I wish first to pay a tribute to the frank and very able paper of Professor Davenport. I only wish that his paper, along with the supplemental criticisms of Professors Carver and Robinson, could be published in every trade-union paper of the United States, for I feel sure it would do much to counteract, in trade-union circles, the distrust of professional economists as helpers in the great movement for social reform and industrial equity. Professor Davenport, however, is evidently unfamiliar with the practical proposals of the single-taxers in his inference that they consider chiefly agricultural land values. Such a rendering, I believe, has no basis even in Progress and Poverty, and if one reads Natural Taxation and the A. B. C. of Taxation, the works respectively of T. G. Shearman and C. B. Fillebrown, the practical textbooks of the reform, the mistake is yet more evident.

Single-taxers propose to raise revenue from land value alone, but as they include in their term "land" not only farms but forests, mineral deposits, town sites, and public utility franchises (for the use of land and waterways and resources), I believe they cover all the sources of Professor Carver's "findings" (or legitimate unearned increments ) except patents. The practical method of assessment of these various types of land value is suggested in my article entitled "Natural Taxation of Mining and Timber Land", published in Conservation for May, 1909, and in the Miming World for November 20, 1909.

The gains from monopolistic patent rights can be justified as both a return to the inventor for his brain work and as an inducement for him to record, for the benefit of society, his discovery, which, if kept secret, might otherwise die with him. On this basis undoubtedly our patent law has been abused, but it can be easily amended at any time to make it conform to practical justice. Land rent, however, on the other hand inevitably arises in any competitive society, and the only question before the social reformer is, who shall be allowed to absorb it? Shall it all go to society or shall individual land holders get the whole or part of it? If one had heard today only the paper of Professor Adams and its criticism, he would have thought that taxation was a mere matter of fiscal adjustment. When one considers, however, that our present national and local governments spend about two billion dollars annually or at least one tenth of our total wealth production, it may be seen that taxation has become probably the chief factor in deciding how wealth shall be distributed among the different classes of society. Professor Davenport thinks that a direct land-value tax might be a social danger, but could anything be more demoralizing than our present indirect national taxation? In the many communities in which I have resided, the idea of the average voter of the chief purpose of a federal congressman is that he should act as a sluiceway to divert the stream of national expenditure into his local community. Would there be such a pressure on a congressman for public buildings, river and harbor works, pensions, etc., if his constituents understood that they were paying for them? Now, most voters think that a national grant is like money from home or a legacy from grandmother.
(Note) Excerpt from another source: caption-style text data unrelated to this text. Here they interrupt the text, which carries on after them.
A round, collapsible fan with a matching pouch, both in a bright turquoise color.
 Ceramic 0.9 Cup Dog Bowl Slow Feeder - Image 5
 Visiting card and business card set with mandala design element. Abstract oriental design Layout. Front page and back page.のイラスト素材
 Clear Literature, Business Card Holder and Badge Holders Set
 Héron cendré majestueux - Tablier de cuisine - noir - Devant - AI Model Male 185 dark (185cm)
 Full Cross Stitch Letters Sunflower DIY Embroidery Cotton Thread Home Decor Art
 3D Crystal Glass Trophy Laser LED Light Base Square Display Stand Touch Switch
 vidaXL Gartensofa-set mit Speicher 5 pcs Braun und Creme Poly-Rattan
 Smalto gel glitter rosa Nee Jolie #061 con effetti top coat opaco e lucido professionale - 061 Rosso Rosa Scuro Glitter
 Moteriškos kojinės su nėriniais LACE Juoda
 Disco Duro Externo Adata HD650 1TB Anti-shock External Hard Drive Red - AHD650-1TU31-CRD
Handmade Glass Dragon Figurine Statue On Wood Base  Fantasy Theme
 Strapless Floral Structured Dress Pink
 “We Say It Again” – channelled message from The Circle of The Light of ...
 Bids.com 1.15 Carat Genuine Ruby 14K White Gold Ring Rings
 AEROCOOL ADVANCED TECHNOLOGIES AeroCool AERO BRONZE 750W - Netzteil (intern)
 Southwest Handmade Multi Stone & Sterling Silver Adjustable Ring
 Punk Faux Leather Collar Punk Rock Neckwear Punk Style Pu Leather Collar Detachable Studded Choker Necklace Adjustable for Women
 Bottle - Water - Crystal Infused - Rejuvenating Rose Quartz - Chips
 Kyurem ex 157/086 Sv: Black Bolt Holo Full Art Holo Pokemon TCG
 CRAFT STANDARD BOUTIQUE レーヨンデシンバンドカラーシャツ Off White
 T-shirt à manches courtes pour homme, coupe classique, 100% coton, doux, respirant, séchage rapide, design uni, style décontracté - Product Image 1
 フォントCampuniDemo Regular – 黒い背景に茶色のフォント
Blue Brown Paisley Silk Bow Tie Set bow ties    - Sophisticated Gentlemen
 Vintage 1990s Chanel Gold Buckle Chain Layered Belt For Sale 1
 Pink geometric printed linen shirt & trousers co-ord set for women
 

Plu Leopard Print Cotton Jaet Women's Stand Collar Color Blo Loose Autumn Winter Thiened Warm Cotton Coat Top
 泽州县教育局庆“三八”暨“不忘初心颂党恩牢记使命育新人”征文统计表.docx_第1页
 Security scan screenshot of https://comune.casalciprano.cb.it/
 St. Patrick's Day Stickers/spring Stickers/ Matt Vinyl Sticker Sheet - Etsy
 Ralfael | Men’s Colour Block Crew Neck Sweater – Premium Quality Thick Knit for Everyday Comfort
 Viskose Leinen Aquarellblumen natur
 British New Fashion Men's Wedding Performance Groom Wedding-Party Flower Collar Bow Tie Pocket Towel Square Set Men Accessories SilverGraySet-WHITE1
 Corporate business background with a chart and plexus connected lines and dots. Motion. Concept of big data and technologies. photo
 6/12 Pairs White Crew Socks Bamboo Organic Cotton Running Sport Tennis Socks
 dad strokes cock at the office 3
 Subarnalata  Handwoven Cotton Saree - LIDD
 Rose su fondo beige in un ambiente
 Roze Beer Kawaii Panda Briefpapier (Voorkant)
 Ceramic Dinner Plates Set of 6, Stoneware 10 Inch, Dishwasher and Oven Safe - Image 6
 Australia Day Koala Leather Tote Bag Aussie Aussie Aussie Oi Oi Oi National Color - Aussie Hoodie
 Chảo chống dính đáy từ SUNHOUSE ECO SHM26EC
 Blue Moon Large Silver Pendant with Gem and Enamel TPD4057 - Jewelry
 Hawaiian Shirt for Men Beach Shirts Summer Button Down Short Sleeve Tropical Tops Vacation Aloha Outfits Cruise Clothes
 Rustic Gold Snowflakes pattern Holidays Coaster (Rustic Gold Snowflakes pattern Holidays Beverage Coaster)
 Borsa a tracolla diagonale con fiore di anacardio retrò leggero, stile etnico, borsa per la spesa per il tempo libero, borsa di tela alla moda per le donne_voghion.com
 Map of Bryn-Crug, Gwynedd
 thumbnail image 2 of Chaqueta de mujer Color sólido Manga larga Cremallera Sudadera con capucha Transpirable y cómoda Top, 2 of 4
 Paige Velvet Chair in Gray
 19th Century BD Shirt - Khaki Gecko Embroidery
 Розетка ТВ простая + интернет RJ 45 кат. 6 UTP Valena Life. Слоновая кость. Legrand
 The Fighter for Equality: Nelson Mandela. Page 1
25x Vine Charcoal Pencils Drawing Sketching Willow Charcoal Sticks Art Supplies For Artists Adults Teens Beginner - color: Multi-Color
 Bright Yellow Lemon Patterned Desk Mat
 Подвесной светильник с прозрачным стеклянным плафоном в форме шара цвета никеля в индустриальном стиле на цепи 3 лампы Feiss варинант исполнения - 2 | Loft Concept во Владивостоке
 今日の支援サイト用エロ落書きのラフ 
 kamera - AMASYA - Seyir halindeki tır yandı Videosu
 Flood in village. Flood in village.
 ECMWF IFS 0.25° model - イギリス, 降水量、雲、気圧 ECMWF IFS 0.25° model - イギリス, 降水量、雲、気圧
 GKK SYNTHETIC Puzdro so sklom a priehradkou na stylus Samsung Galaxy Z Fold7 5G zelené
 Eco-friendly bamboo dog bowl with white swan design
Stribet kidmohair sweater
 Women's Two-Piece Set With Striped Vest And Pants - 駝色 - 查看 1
How the single tax would alter for the better the development of our natural resources can only be appreciated by a practical producer. For fifteen years I have been in practice as a mining engineer in many countries. I have been everywhere astounded that our laws still permit land-gamblers to hold up would-be developers to an extent now feasible in few foreign states. The conservation movement is but the first step toward the restoration of our land to the people. The long tolerance of present taxation absurdities by our producers is due to their ignorance of economic science. When the significance of Professor Davenport's paper becomes once known generally, there will be some fur flying among speculators, monopolists, and their dupes and lackeys.

As to Professor Robinson's idea that society has a right only to the future unearned increment, I wish to dissent. It is probably true that it would be impractical to recover the land rent paid in the past, but the recovery of that to be paid in the future (which is capitalized as the present selling value of land) is quite a different matter.

The abolition of the private appropriation of economic rent is analogous to that of chattel slavery. The latter was abolished in Brazil, without money payments to slave owners, by the device of gradual emancipation during a generation. In the same way, Mr. Fillebrown proposes to increase the land value tax 1 per cent annually for thirty years, while decreasing other taxes proportionately. This would suffice to throw the whole burden of government upon land values, raising the 20 per cent of rent now absorbed by taxation to the 50 per cent required for the whole expense of government. This would still leave 50 per cent in the hands of the land holders, which might be considered partly as a commission for rent collection, partly as a bonus for the risk of land development, partly as a margin covering incorrect assessment, and partly as a reserve available for society, through additional taxation, in case of sudden emergencies like earthquakes, famine, pestilence, or war. It is probable that all rent, beyond that needed to cover the actual requirements of the last paragraph, will gradually be absorbed by the future single tax society to cover the increased expenses of a developing social integration.